There’d be some back and forth about the pros and cons of adverbs. Someone might quote Stephen King’s On Writing. But then, inevitably, this commenter would weigh in:
“I’m sick of hearing about writing “rules” from so-called gurus. I say screw the rules. Who’s with me?!”
Lots of people, apparently. The comment would get a bunch of likes and some “Preach” responses and then the conversation would die away.
I do feel some kinship with this anti-authority position. There’s no writing tribunal to hand down the definitive ruling on these matters, and since grammar and writing rules were pounded into our heads in school, sometimes we just don’t wanna anymore. Plus, social media has made our communication more casual. And, of course, art allows for artistry.
But the kinship I feel is a thin one. I think this resistance to “rules” is sometimes cover for not wanting to learn or understand how writing works and what effect it has on the reader. Frankly, an I’m going to do whatever I want attitude is often a short-sighted approach that leaves the writer alone, with no readers.
Most writers do follow basic writing rules — periods and question marks at the end of sentences, capitalization rules, etc. That’s the easy stuff. It’s the less intuitive writing tenets, the ones that we might not just pick up on, even though we’re readers, that are usually at issue.
I hate to be harsh, so I’m going to let Chuck Wendig do some of the dirty work for me. He says:
“Writing has rules. Storytelling has fewer rules, and certainly more flexible ones. But actual writing has legit rules. It’s not math, not exactly—but things do add up a certain way and we are beholden to either apply the rules to our work or break the rules to create a specific effect. You don’t just break the rules because it’s fun, or worse, because you don’t know them. That latter is where a lot of new writers fall. They simply don’t know that things work a certain way, and when you write in contravention to These Certain Ways, we can all smell it. It’s stinky. Your prose gains the vinegar stink of flopsweat as you galumph about on the stage of the page, not knowing how to actually do this thing you promised us that you can do.”Chuck Wendig
Even though you have absolute authority over the domain of your work, you don’t want to delude yourself that your reader will not care about the way in which you present your story to them.
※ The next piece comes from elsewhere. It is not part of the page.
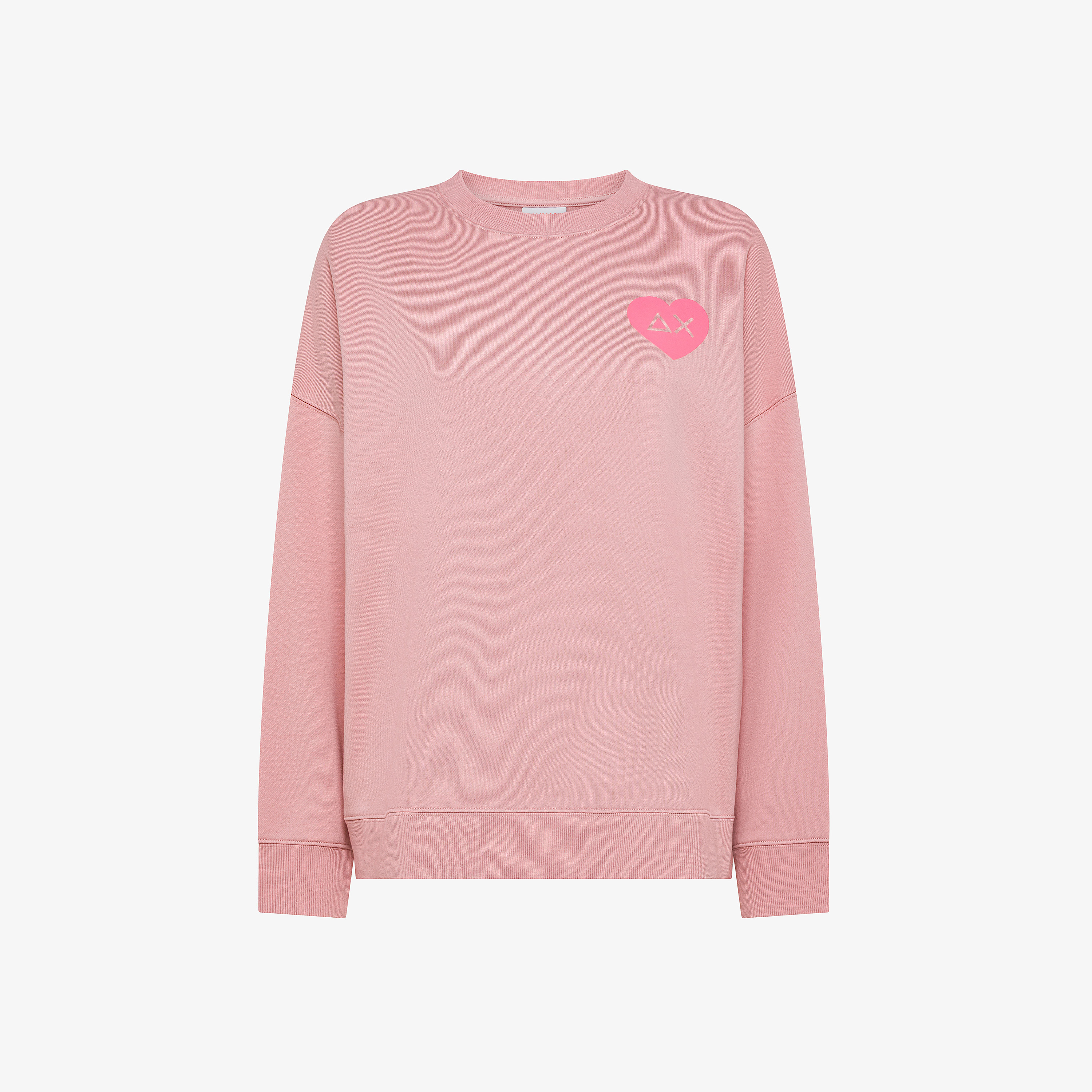 Dark pink cotton sweatshirt with heart patch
If the idea of writing rules feels restrictive for you, maybe you could think about them more as guidelines and principles. Some more thoughts to chew on:
“Writing has laws of perspective, of light and shade just as painting does, or music. If you are born knowing them, fine. If not, learn them. Then rearrange the rules to suit yourself.”Truman Capote
“There are no final rules of writing, only consequences and effects of the choices you make on the page. (One of which might be no one wants to read or publish you. But do your thing, if you want!)Matt Bell
“You can do it if you can get away with it, really means: you can break or ignore the rules IF you are willing to give something back that blots out the infraction, or compensates for it – something that distracts the reader with a little micro-burst of joy that makes her forget “rules” and “infractions” because she’s just had the lovely experience of being drawn deeper into an entirely made-up, fictive world.”George Saunders
Laws of perspective. Light and shade. Consequences and effects. Giving something back. Now we’re talking. The craft of writing doesn’t always need to be prescriptive, but it is value-based. You may not value “rules”, but you must value your reader.
Artists in any discipline you can think of have to practice technique. Writers are no different. Maybe the most brilliant among us can go it alone, but most of us need to read writing craft books, take classes, study good writing, listen to teachers and editors. Then we’ll know why we’re making certain choices. Then we can weigh our options. And then we can go do our thing.